In 1995, Lewis went back on screen as a reporter for a programme about the internet presented by Tony Wilson, and then she worked for three years as a BBC news reporter for North West Tonight. In the 1990s, she also set up Granada Television's programme-related websites. She organised the first live internet vote on TV in 1998 on the Stars in Their Eyes’ final. In 1998, Lewis began working as a documentary Producer/Director for Granada Television making films for Sky One, ITV, Channel 4 and Channel 5. In 1999 she won her first two TV commissions for Channel Five and Channel 4.

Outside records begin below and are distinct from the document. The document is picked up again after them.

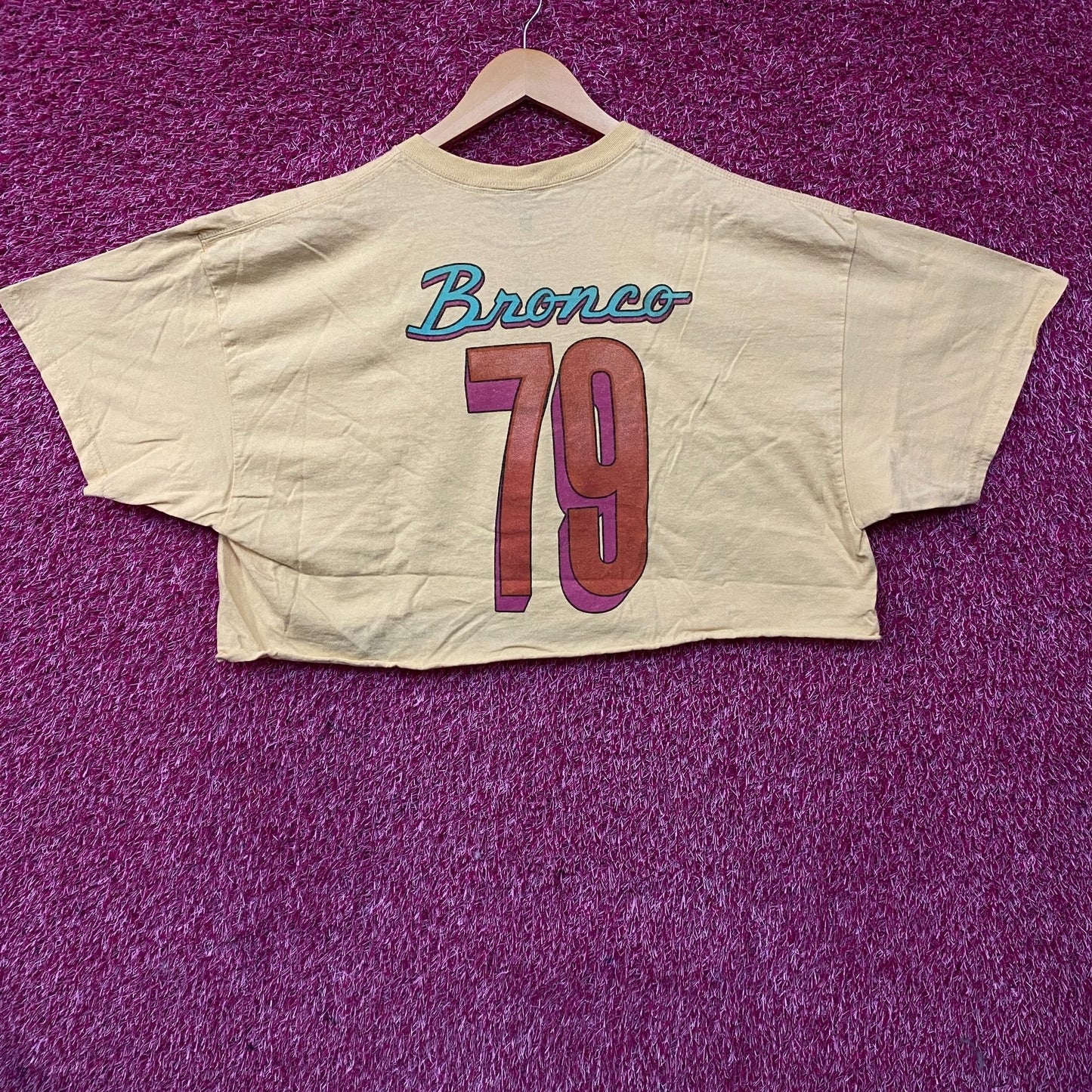 Junk Food Clothing Women's Bronco Off Road Ready Flea Market Crop Tee XL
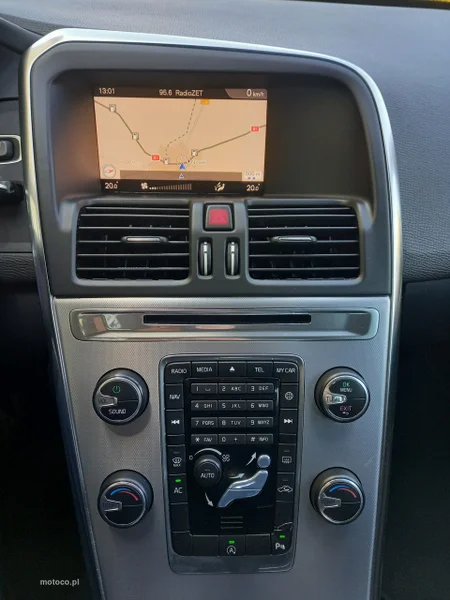 Volvo XC 60 33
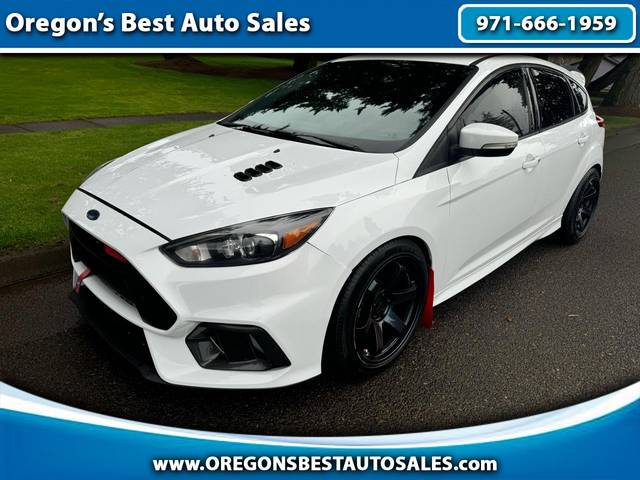 2017 Ford Focus ST FWD photo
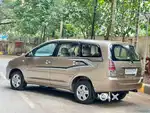Toyota Innova Hycross 2008 Diesel 170000 Km Driven
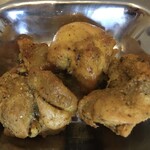 インド料理 パリワル - 中ジューシー！炭火焼きの香ばしさがたまらないチキンセクワ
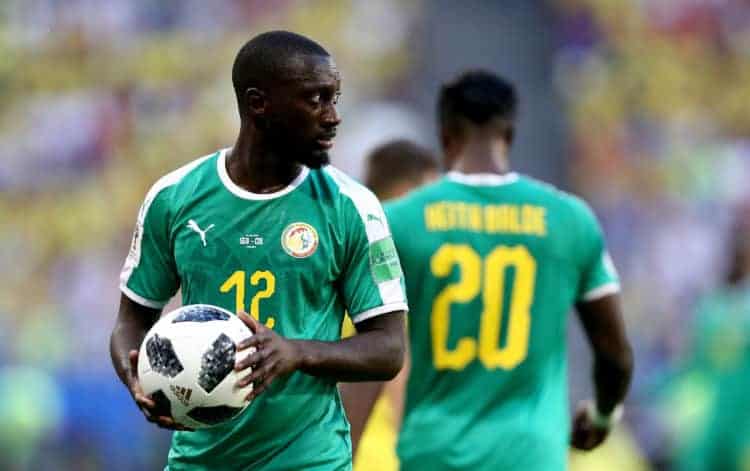 CAN 2019 - Sénégal : La constance de Youssouf Sabaly ! - wiwsport SAMARA, RUSSIA - JUNE 28: Youssouf Sabaly of Senegal holds the match ball during the 2018 FIFA World Cup Russia group H match between Senegal and Colombia at Samara Arena on June 28, 2018 in Samara, Russia. (Photo by Maddie Meyer/Getty Images)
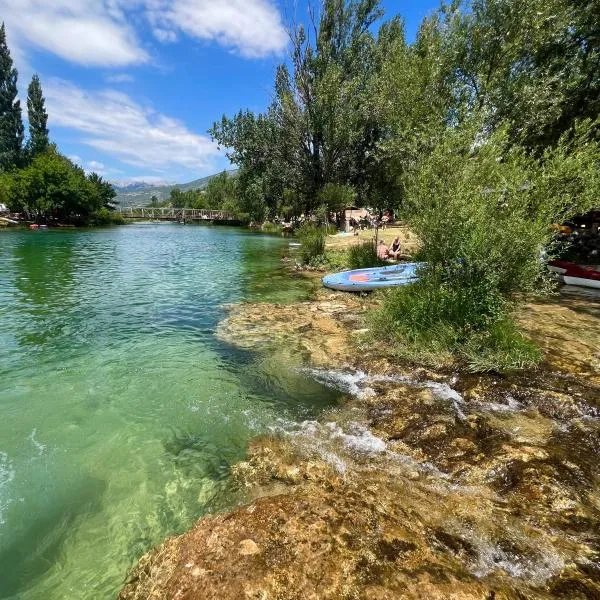 Camping Dolovi, hotel a Obrovac (Obrovazzo)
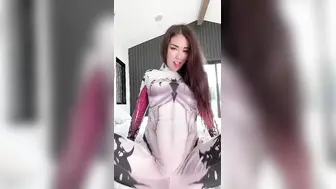 Indiefoxx Onlyfans Seduction Wearing Skin Fit White Spider Costume Sexy Video Leaked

In 2001, Lewis left Granada Television to set up the factual division of Unique Television. By 2006, she had created six new TV series plus a large number of one-off films, building Unique Factuals' annual turnover to £1.8 million.

== Current career ==
On 3 September 2007, Lewis launched the Manchester-based independent production company, Nine Lives Media. She is the owner, CEO, and executive producer of the company, which has become a large factual independent producer in the North West of England. Her husband, Mike Lewis, joined the business in 2011 and is co-creative director. The company makes documentaries, fact-ent formats, drama documentaries, children's programmes, and current affairs for all the major UK broadcasters and for American channels.

== Awards ==

- International Emmy for Best Factual Children's Programme 2016, I am Leo, for CBBC.
- Royal Television Society Award for Best Children's Programme 2016, I am Leo, for CBBC.
- BAFTA 2015, Best Factual Children's Programme, I am Leo, for CBBC.
- BAFTA 2012, Best Factual Children's Programme, Me, My Dad & His Kidney, for CBBC.
- Royal Television Society (North West) Awards 2012, Best Low Budget Programme, I Survived 9/11, for BIO.
- IVCA Clarion Awards 2012, Ruby Wax's Mad Confessions, for Channel 4.
- Inspiring Women North West 2012, Shortlisted in Creative & Media, Cat Lewis
- How do Awards 2011, Independent Production Company of the Year, Nine Lives Media
- Royal Television Society (North West) Awards 2011, Best Factual Series, Small Teen Bigger World, for BBC Three.
- Royal Television Society (North West) Awards 2010, Best Low Budget Programme, A Tale of Two Rival Cities, for BBC's History of the World.
- Royal Television Society (North West) Awards 2010, Best Single Documentary, Small Teen, Big World, for BBC Three.
- North West Women in Business 2010, Finalist, Cat Lewis
- How do Awards 2009, Best TV Programme, The World's Oldest Conjoined Twins, for Channel 5.
- Royal Television Society (North West) Awards 2007, Best Single Documentary, Cutting Edge: The Dangerous School for Boys, for Channel 4.
- Royal Television Society 1993, Best Daytime Programme
- Cat's Radio Tees programme Hubble Bubble won two Sony Awards in 1982 and 1983

== Television industry roles ==
Lewis is on the UK Advisory Panel of the Creative Industries Foundation. She is chair of the Northern TV Skills Panel and former Vice Chair of Pact (the Producers Alliance for Cinema & TV). For six years Cat was the Chair of PACT's Nations & Regions Committee, campaigning for more programmes to be made outside London. She is a BAFTA judge; the founder and chair of the North's Indie Club; sits on the RTS Committee in the North West and is on the panel for Women in Film & TV in the North. Cat is also a Global Ambassador for the UK city of Manchester.

==Personal life==
Lewis is married to TV executive producer Mike Lewis, who specialises in current affairs, and they have two sons. Cat is a Christian, who attends a United Reformed Church, and she has ten godchildren.